---------- SOURCE MATERIAL ----------

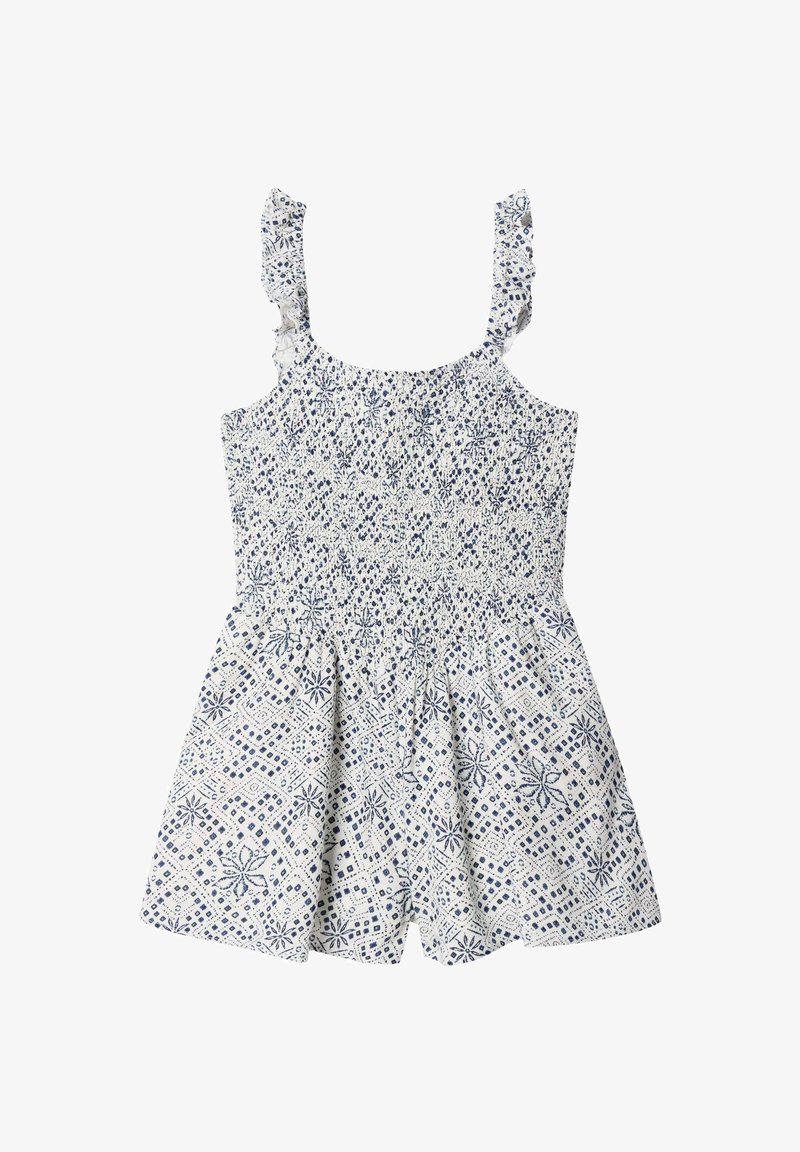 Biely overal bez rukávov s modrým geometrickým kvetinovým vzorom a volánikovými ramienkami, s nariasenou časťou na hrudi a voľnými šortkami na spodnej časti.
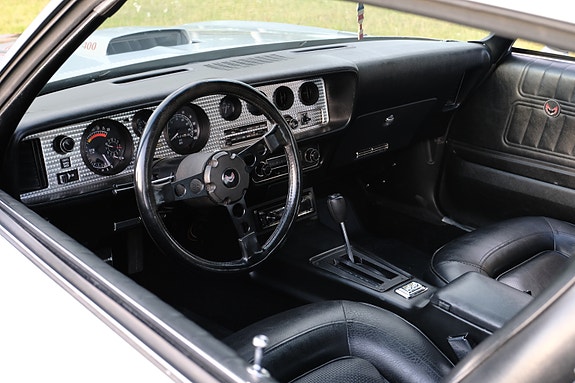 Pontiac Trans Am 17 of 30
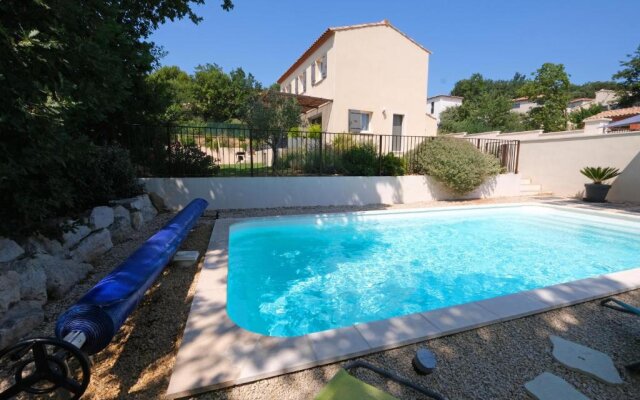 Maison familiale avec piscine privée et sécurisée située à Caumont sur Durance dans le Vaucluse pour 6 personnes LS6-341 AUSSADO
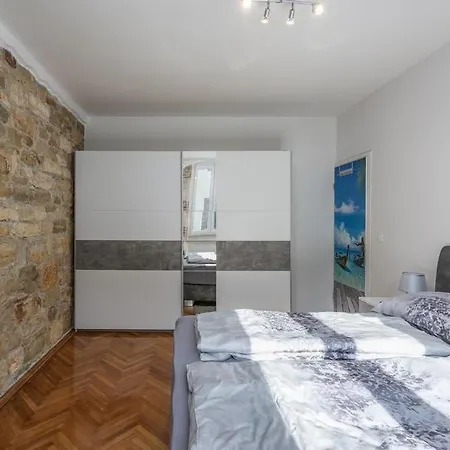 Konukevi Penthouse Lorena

----------

◆ ACTION ITEM ◆
The full text of the data above, exact and without pictures, is what to return.

◆ EXERCISE RESULT ◆
 Biely overal bez rukávov s modrým geometrickým kvetinovým vzorom a volánikovými ramienkami, s nariasenou časťou na hrudi a voľnými šortkami na spodnej časti.
 Pontiac Trans Am 17 of 30
 Maison familiale avec piscine privée et sécurisée située à Caumont sur Durance dans le Vaucluse pour 6 personnes LS6-341 AUSSADO
 Konukevi Penthouse Lorena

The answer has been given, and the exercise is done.